Basta olhar os antecedentes históricos para constatar que a percepção da economia anda de mãos dadas com a boa ou má aprovação do governante. Quando a economia vai bem, a valoração geral é positiva (Lula, mesmo reprovado setorialmente pelas suas escolhas ideológicas, saiu do palácio com 83% de aprovação, apesar do mensalão e de todas as roubalheiras que aconteciam debaixo dos tapetes das estatais, destacadamente na Petrobras); quando tudo vai mal, o governante colhe a má plantação, e tanto as elites como as classes populares e a mídia passam a praguejar infernalmente sua administração.

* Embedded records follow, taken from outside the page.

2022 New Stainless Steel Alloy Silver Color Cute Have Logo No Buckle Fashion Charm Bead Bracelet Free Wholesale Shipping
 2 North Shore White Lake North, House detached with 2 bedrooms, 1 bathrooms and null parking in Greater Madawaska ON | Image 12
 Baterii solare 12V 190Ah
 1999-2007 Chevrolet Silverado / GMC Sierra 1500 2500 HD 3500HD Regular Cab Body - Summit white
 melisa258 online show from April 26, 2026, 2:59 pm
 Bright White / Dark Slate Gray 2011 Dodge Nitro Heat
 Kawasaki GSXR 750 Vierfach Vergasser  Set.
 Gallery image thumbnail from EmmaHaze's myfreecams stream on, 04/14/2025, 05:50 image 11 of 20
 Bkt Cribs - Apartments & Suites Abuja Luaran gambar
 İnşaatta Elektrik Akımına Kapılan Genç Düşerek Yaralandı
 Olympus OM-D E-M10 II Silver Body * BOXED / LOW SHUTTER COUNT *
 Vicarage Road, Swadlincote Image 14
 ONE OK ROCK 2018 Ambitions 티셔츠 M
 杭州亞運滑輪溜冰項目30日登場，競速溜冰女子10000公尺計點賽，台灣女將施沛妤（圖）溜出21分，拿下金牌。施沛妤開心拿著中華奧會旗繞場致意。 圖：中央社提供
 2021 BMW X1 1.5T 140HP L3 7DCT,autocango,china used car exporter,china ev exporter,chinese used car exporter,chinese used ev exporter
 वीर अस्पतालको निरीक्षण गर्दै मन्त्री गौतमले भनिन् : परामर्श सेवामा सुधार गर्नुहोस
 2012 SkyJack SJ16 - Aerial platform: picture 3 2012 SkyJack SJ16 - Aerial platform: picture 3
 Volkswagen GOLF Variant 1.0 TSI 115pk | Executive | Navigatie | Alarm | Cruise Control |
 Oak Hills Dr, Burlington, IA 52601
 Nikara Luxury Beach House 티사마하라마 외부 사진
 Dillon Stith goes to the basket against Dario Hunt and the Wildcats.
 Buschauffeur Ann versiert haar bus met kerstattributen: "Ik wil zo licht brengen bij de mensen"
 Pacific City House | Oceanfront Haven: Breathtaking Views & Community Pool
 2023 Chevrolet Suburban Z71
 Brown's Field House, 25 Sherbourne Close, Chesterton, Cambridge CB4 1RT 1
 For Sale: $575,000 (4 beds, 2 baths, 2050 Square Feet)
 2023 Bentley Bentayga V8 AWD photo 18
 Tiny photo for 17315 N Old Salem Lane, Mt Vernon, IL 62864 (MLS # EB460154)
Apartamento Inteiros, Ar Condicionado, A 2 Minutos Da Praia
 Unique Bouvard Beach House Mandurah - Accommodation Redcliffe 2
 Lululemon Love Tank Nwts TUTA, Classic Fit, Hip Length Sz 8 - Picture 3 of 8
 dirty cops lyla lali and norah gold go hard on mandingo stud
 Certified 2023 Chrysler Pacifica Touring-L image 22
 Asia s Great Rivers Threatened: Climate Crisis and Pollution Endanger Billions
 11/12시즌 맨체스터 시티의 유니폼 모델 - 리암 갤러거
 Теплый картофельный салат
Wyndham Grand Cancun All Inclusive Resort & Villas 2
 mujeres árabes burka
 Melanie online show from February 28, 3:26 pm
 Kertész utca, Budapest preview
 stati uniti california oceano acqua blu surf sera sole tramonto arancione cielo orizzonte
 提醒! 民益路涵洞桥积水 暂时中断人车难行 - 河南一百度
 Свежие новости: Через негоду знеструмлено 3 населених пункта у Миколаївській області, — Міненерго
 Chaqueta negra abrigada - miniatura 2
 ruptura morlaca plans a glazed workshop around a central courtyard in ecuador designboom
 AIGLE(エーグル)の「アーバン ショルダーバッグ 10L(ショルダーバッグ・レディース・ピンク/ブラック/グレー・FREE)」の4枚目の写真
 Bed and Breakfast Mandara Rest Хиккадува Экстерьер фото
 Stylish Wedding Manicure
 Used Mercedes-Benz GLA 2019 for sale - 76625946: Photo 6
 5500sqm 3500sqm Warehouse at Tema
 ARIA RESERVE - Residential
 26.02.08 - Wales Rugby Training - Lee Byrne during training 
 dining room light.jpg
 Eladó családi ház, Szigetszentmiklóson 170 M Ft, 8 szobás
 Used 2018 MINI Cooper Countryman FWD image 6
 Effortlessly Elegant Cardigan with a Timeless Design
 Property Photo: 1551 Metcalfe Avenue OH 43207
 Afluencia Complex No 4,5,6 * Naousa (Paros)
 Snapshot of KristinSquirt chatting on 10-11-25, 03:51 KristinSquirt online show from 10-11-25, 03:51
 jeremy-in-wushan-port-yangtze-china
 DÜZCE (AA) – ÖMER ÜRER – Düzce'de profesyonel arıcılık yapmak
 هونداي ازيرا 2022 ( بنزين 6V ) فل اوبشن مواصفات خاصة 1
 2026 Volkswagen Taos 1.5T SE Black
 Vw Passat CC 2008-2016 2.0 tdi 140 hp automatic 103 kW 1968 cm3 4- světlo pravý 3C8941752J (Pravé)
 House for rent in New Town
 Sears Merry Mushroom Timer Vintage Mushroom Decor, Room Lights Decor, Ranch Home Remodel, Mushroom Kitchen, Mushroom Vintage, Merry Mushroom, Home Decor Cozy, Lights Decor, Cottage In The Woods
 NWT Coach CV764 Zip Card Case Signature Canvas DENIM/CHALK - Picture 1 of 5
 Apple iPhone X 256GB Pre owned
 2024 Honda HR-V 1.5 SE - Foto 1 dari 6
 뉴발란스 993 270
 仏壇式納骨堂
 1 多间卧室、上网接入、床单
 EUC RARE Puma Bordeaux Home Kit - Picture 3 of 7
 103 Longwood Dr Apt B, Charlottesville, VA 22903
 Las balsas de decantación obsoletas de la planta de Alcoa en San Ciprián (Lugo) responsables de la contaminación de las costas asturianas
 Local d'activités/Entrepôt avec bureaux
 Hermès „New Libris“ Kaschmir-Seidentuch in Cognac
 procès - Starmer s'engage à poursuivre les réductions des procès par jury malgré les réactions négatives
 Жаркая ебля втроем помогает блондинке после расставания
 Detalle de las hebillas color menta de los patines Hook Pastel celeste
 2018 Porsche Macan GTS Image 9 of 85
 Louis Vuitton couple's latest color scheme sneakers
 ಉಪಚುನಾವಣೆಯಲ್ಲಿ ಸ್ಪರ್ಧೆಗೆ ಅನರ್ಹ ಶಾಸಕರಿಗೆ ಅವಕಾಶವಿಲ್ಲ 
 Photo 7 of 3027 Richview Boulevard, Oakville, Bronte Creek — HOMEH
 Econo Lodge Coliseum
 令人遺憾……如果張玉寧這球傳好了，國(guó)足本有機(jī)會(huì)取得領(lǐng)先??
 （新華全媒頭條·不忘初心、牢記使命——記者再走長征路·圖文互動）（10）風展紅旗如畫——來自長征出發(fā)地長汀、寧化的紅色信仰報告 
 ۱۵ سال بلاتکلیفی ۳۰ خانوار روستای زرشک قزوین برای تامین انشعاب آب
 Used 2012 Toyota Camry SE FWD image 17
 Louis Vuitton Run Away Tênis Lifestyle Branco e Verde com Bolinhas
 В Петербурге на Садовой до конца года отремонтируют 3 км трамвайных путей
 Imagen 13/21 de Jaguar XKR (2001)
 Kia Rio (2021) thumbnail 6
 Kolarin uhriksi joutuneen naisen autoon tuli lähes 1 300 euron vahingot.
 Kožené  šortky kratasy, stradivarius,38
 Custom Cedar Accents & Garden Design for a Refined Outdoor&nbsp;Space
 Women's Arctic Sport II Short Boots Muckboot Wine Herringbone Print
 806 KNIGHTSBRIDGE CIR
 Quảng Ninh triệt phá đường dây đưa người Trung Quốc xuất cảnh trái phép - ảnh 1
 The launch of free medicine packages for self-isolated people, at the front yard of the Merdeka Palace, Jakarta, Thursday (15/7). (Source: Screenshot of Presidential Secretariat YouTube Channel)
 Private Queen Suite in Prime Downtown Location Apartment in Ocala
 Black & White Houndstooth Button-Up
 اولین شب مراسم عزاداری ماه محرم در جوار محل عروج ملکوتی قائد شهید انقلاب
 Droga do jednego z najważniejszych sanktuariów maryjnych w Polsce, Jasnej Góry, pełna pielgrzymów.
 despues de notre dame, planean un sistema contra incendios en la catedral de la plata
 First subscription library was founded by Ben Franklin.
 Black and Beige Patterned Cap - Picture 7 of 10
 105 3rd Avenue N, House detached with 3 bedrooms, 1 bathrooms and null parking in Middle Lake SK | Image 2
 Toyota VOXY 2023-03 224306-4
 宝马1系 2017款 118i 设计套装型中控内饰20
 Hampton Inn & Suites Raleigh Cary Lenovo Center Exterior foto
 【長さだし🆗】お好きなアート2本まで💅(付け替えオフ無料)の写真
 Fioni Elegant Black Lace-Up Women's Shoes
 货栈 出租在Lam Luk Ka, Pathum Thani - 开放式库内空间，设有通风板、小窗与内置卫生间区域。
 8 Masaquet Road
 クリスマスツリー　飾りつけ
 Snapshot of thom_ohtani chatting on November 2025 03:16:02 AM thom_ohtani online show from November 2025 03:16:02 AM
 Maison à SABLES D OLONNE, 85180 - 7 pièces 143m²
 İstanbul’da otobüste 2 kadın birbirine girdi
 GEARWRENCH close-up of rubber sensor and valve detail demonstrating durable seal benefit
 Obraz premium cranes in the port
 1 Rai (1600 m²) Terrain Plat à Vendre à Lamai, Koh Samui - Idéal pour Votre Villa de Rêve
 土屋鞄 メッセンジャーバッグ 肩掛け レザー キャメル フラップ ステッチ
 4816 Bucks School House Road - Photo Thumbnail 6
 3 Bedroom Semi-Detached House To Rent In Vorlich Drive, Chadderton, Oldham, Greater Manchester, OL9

O que acaba de ser narrado é tão velho como o antigo Egito, “onde os faraós rezavam incansavelmente para que o rio Nilo nunca secasse. Rio seco significava más colheitas e tudo era de responsabilidade do faraó (mesmo as coisas incontroláveis pelo humano); os súditos, quando ocorria uma longa estiagem, interpretavam isso como perda dos poderes e dos favores divinos do governante, o que lhes obrigava a tirá-lo do trono”[1].


A realidade da crise brasileira

Por dever do meu ofício de estudante e pesquisador independente, sei que vou ativar em seguida o córtex da ínsula (que representa as emoções negativas como injustiça e desgosto), assim como o córtex órbitofrontal (que representa os valores morais[2]) dos admiradores de Dilma. Vejo isso como o ônus que pagamos sempre que nos colocamos como partidaristas ou sectaristas de uma causa, de uma pessoa, de um time, de um partido, de um ídolo, de uma religião ou de uma ideologia, deixando que as paixões promovam as devidas distorções da realidade.

Dilma (do mesmo modo o PT) está colhendo o que plantou. Caiu na armadilha do PC4: faltou Pão, Circo, Competência administrativa e Confiança e, de sobra, veio o envolvimento do seu partido com a Corrupção.

A questão do pão: quando o bolso sente (bolso do pobre, que afeta sua alimentação, e bolso das elites, quando perdem seus lucros), a popularidade do presidente cai, sobretudo em regimes presidencialistas como o nosso, em que tudo é creditado ou debitado em sua conta. Inflação, desemprego, recessão e PIB negativo geram críticas, desespero e insatisfação.

O circo do século XXI (que é a agudização do circo da modernidade e do mercado) reside na alegria do consumismo, da linha branca, do carro ou da moto, do crédito fácil; quando tudo isso diminui, cai também a (sensação da) qualidade de vida, que gera ira. Dilma foi escolhida por Lula para sucedê-lo em virtude da sua capacidade de “gerentona”, durona, séria. Uma coisa é o figurino na teoria e outra é a prática. Revelou-se inflexível, apolítica, sem carisma e uma péssima comunicadora. Vivemos a era da “teatrocracia”; quem não se comunica bem nessa era despenca na popularidade. Dilma falhou redondamente no item comunicação e diálogo, sobretudo com o Parlamento (que não lhe deu o apoio necessário para a governança). Estava convencida de que sabia tudo, de que sempre estava certa. Faltou-lhe não só capacidade gerencial senão também teatral. Foi inevitável o seu isolamento e queda.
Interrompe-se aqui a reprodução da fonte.